Information provided

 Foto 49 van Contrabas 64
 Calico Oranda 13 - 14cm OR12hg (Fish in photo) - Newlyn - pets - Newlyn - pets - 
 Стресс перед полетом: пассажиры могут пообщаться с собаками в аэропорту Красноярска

Try it
Copy the listing above out again in its entirety, exactly as written.

Solution to the problem
 Foto 49 van Contrabas 64
 Calico Oranda 13 - 14cm OR12hg (Fish in photo) - Newlyn - pets - Newlyn - pets - 
 Стресс перед полетом: пассажиры могут пообщаться с собаками в аэропорту Красноярска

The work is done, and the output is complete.